Re: Artistic and LGPL compatibility in jar files
On Dec 12, 2009, at 11:12 PM, Anthony W. Youngman wrote:
> I may (well) be wrong, but I've always understood the INTENT of the artistic licence to be "BSD plus a trademark licence".
It has some clauses which are decidedly non-BSD-ish. See for example section (8) of the Artistic License 2.0.
It is more meant to keep control over what it means to, say, "be perl", which is not simply a trademark issue.
> But, if the JUMBO/CML people are happy, why not ask them to add an extra permission, or dual-licence. If they are the copyright holders (and therefore able to change the licence from Artistic to Artistic 2), they could always change the licence to "Artistic 1 or LGPL2.1" if they wanted.
That's a couple of the possibilities I mentioned to them, and I assume they are considering the options. They do want to use the license to include trademark restrictions. I've explained how that doesn't work in practice. I don't think that made me new friends.
> I'm always wary of explicitly relicencing. The GPL doesn't permit it, and by doing so you are taking away user rights.
Well, the GPL does allow relicensing to newer versions of the GPL...
> If you're distributing JUMBO/CML code *unchanged*, what I'd do is to keep it separate inside the package (in its own directory or something), and in the CDK documentation state that you are distributing JUMBO/CML under the LGPL as permitted by 4(c)(ii) of the Artistic licence.

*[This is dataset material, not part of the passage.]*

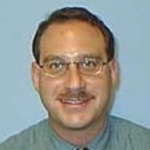 Dr. Umberto Derienzo, MD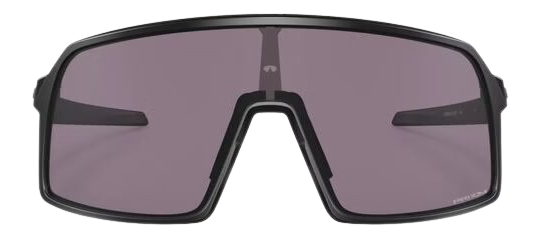 Gafas Oakley Sutro S OO9462-0728 Originales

It a patched version. It also turns out that CDK wasn't distributing the patched source code as per the Artistic License requirements, but that's being addressed as part of this license cleanup. (There were other problems we've found, like some of the LGPL packages not listing in the documentation all of the third-party LGPL'ed components they were using and including. This has triggered a long-needed review of what's going into the distributions.)
Thank you for your time, and best regards!